> Supplied information:
--- START ---

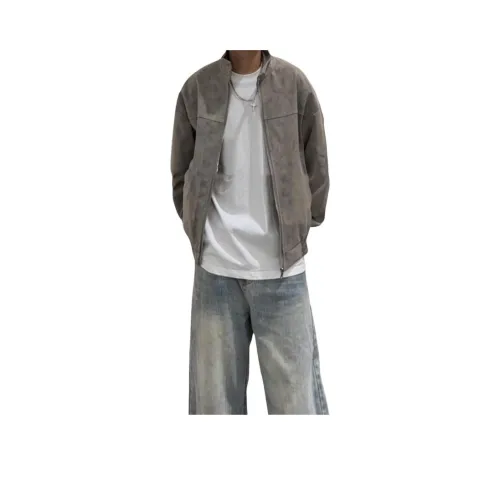 PODGORNOI Куртки и Пальто Мужской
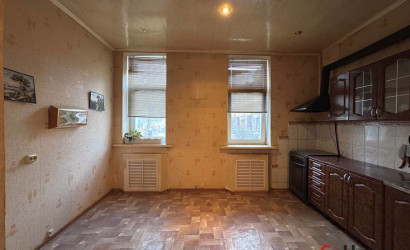 Купить 4-комнатную квартиру, Могилев, Ленинская, 68. Фото 7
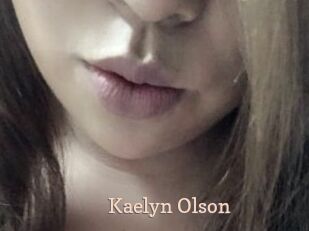 Kaelyn_Olson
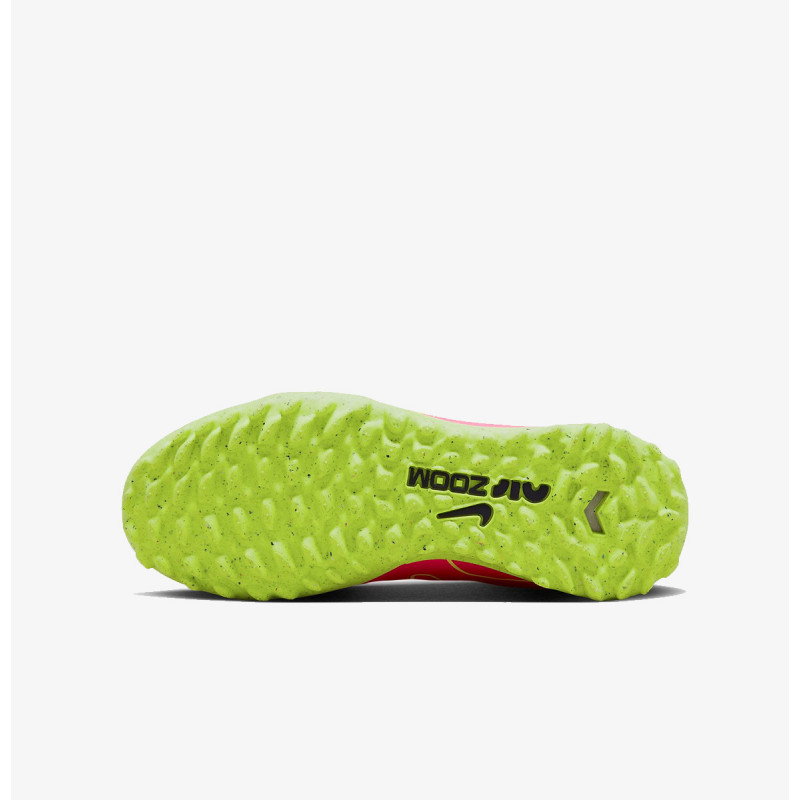 Nike Zoom Mercurial Superfly 9 Academy TF 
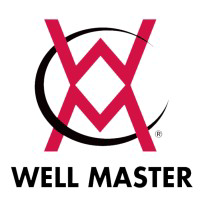 Aviation job opportunities with Well Master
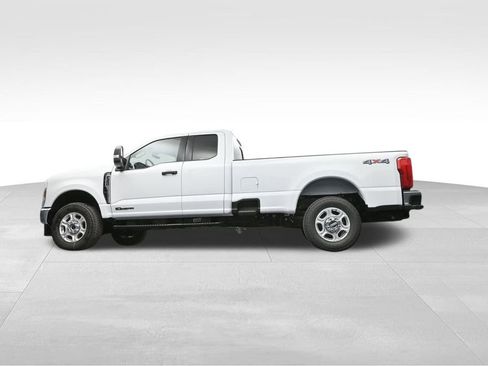 New 2026 Ford F350 XLT image 57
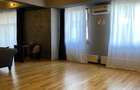 Apartament open-space – fost studio de yoga, de închiriat strada Toamnei - 3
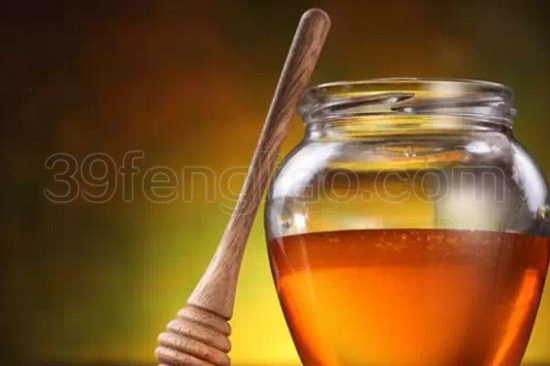 失传了1000年的武林秘笈——蜂蜜解酒法!!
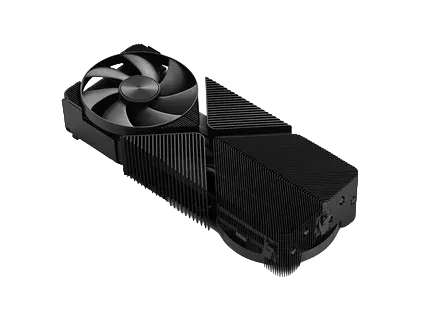 Nvidia RTX 4060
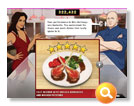 Top Chef Screenshot 3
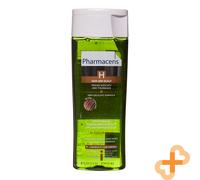 Pharmaceris H-SEBOPURIN Champú Hidratante Para Cabello Graso Con Seborrea 250ml
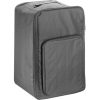 STAG Cajon 50M SB With Bag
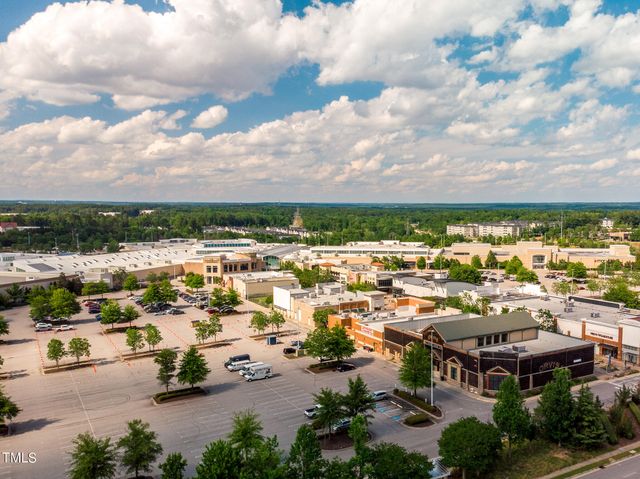 $700,000 | 611 South Franklin Street, Wake Forest, NC 27587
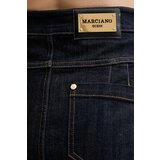 Marciano Guess Marciano - midi pencil suknja | ePonuda.com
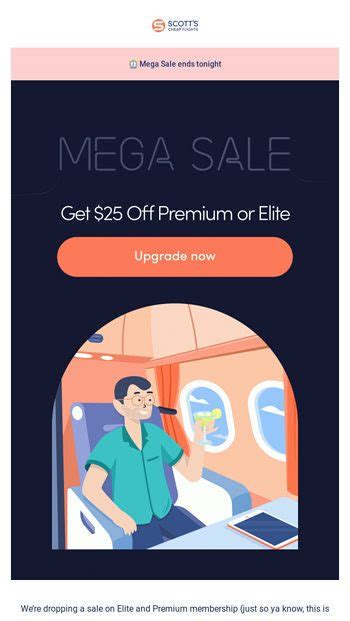 mega cheap flights
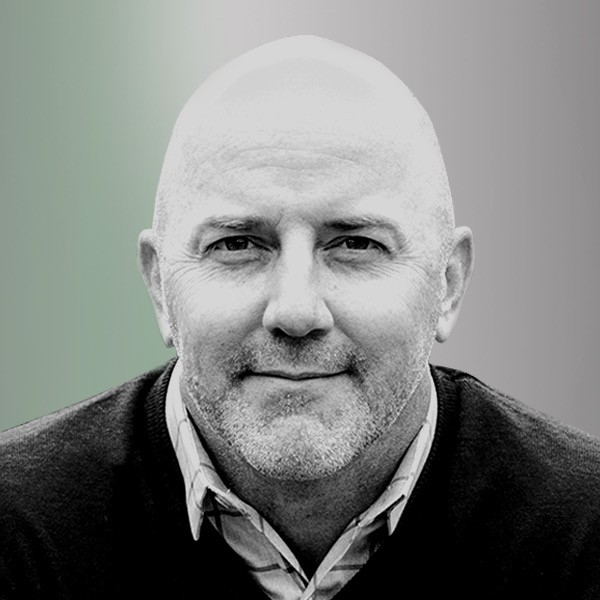 Patrick Conreaux avatar image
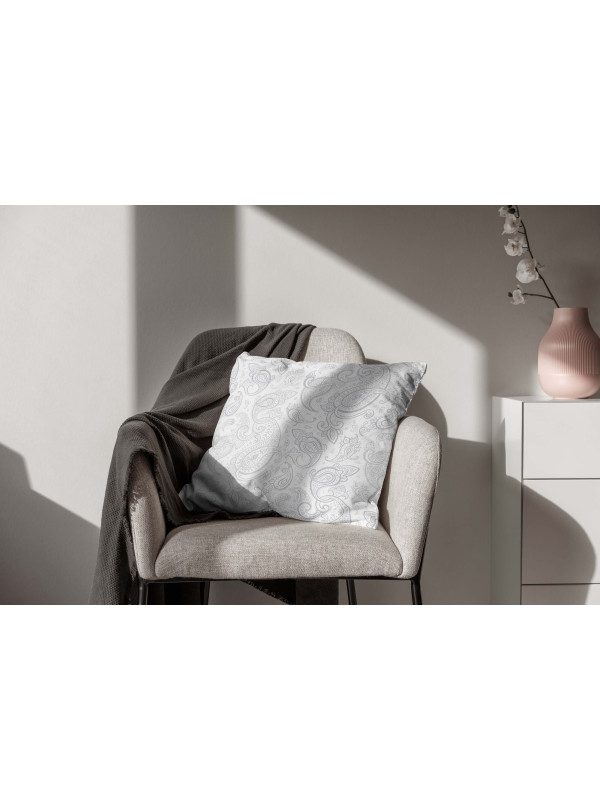 Poszewka na poduszkę 45x45 1992_A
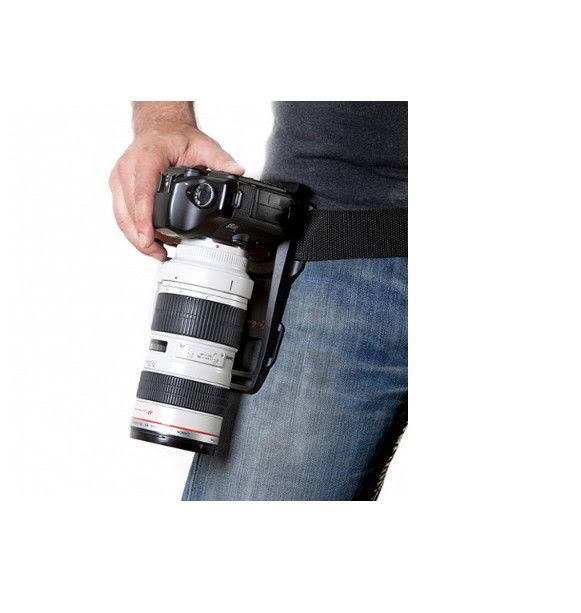 Camera Belt H9809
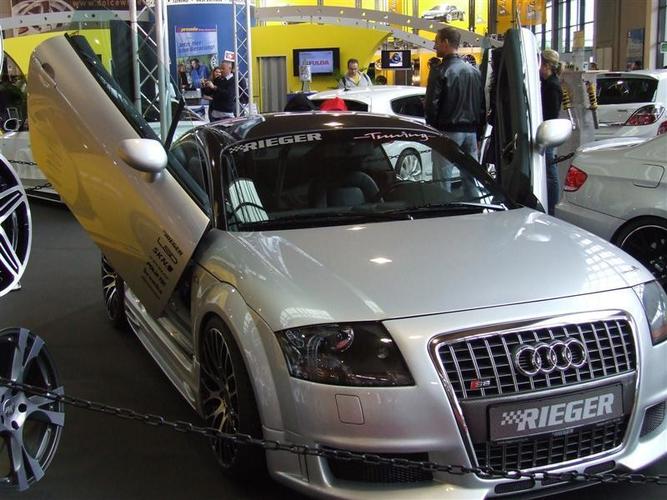 Tunning_world_Germany__21_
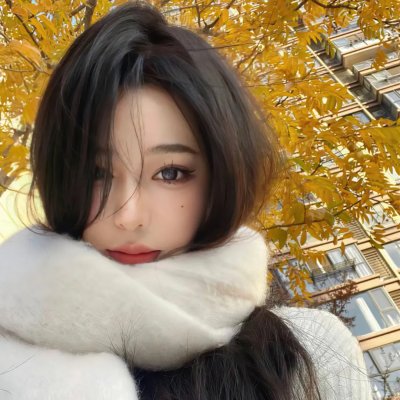 勇闯无人之境第二季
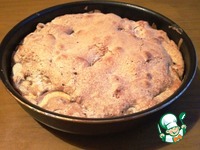 �������� ��-�������� �����������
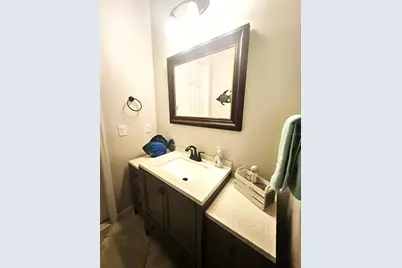 460 Marlin Road, Venice, FL 34293 - Photo 22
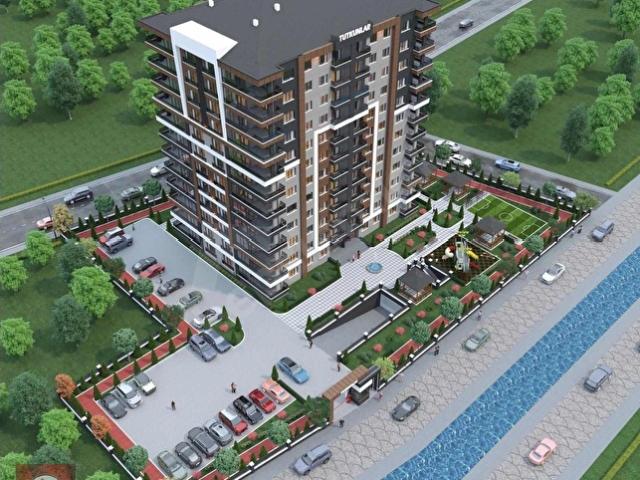 Çubuk, Ankara içerisinde satılık mülk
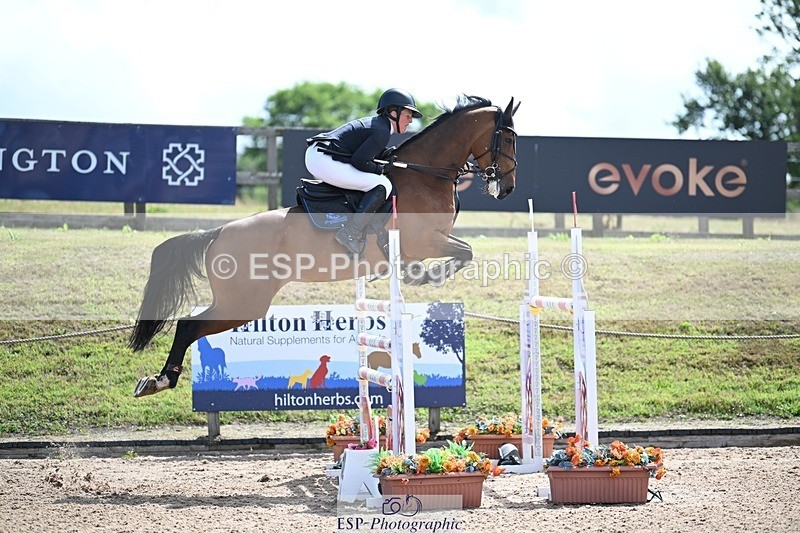 250720-104247-19084 - Cls 36, 7 Yr Old Final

--- END ---

> Exercise: Return the full listing exactly as it appears above, without its pictures.

> Answer to this problem:
 PODGORNOI Куртки и Пальто Мужской
 Купить 4-комнатную квартиру, Могилев, Ленинская, 68. Фото 7
 Kaelyn_Olson
 Nike Zoom Mercurial Superfly 9 Academy TF 
 Aviation job opportunities with Well Master
 New 2026 Ford F350 XLT image 57
 Apartament open-space – fost studio de yoga, de închiriat strada Toamnei - 3
 失传了1000年的武林秘笈——蜂蜜解酒法!!
 Nvidia RTX 4060
 Top Chef Screenshot 3
 Pharmaceris H-SEBOPURIN Champú Hidratante Para Cabello Graso Con Seborrea 250ml
 STAG Cajon 50M SB With Bag
 $700,000 | 611 South Franklin Street, Wake Forest, NC 27587
 Marciano Guess Marciano - midi pencil suknja | ePonuda.com
 mega cheap flights
 Patrick Conreaux avatar image
 Poszewka na poduszkę 45x45 1992_A
 Camera Belt H9809
 Tunning_world_Germany__21_
 勇闯无人之境第二季
 �������� ��-�������� �����������
 460 Marlin Road, Venice, FL 34293 - Photo 22
 Çubuk, Ankara içerisinde satılık mülk
 250720-104247-19084 - Cls 36, 7 Yr Old Final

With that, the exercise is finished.